Adrià risale la Rambla concentrato nel suo universo. Lui solo controlla il puzzle della sua fondazione e i suoi tentacoli. «È uno stile dittatoriale, almeno finché io sono vivo. Giusto o no?». Solo Adrià ha la mappa completa. E la bussola per muoversi in quel labirinto. È in ballo dalle 5,30, riflette, con l’eterna matita sull’orecchio destro e l’abituale mancanza di tatto con cui sveglia ogni mattina all’alba sua moglie, Isabel Pérez, un’economista conosciuta nell’estate dell’89. Approfitta del primo tragitto della giornata per parlare al telefono, rispondere alle mail e rilasciare interviste. Non ha segretaria né addetto stampa. Dicono che sia bravo a giocare in Borsa.

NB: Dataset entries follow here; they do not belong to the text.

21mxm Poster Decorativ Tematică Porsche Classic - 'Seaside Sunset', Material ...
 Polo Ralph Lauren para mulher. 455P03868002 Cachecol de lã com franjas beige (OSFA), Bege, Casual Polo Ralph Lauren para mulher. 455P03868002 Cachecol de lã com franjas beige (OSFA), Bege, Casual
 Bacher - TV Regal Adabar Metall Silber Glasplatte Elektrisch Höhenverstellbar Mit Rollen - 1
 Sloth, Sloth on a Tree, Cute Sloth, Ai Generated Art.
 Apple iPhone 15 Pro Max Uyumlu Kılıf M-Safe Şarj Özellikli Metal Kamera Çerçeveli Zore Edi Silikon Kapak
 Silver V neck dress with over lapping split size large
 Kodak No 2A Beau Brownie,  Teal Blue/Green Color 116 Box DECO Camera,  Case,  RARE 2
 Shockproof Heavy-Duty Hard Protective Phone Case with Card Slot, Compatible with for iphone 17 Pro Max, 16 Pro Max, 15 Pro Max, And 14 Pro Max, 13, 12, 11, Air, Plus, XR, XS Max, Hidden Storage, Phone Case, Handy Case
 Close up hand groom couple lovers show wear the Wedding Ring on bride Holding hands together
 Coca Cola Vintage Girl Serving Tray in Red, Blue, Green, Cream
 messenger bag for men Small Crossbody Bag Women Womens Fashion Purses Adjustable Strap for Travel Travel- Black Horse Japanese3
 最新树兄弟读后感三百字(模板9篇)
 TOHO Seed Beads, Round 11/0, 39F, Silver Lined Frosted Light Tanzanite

Il progetto elBullifoundation ha tre cardini e come scenario il territorio del vecchio ristorante, dove l’architetto Enric Ruiz-Geli ha progettato uno spazio espositivo, ecologico e sostenibile, dedicato alla creatività. La cucina è solo il veicolo. Questo non-museo, il cui progetto è già cambiato tre volte in tre anni, potrà contare su più di cinquemila metri quadrati e parte da una legge fatta su misura per Adrià dalla Generalitat della Catalogna, essendo incastonato in un parco naturale dove è proibito costruire (in cambio del permesso, Adrià donerà quel terreno e l’archivio di El Bulli, valutati quindici milioni di euro, all’erario pubblico). Lo spazio si chiamerà El Bulli1846: il numero di elaborazioni create nel ristorante. La prima pietra verrà posta quest’anno e sarà completato in diciotto mesi. Poi c’è elBulliDNA, ovvero il team creativo, la linfa che continuerà la ricerca culinaria con esperti di altre discipline a Cala Montjoi, anche se potrà spostarsi in tutto il mondo. Infine, Bullipedia: una banca dati infinita che ordina (per la prima volta nella storia) tutto il sapere culinario tramite una nuova classificazione del processo gastronomico e del processo creativo, realizzata negli ultimi due anni dalla sua squadra. Scende fino alle particelle elementari della cucina e si basa su due intricate mappe interattive che sono la tabella di marcia per muoversi nell’universo Adrià. Lui ha smesso di essere un cuoco per trasformarsi in agitatore, in calamita che attrae conoscenze. A volte, di fronte ai gesti di simulato scetticismo dei suoi interlocutori, replica con aria imbronciata: «Questo non è uno scherzo! È molto importante!».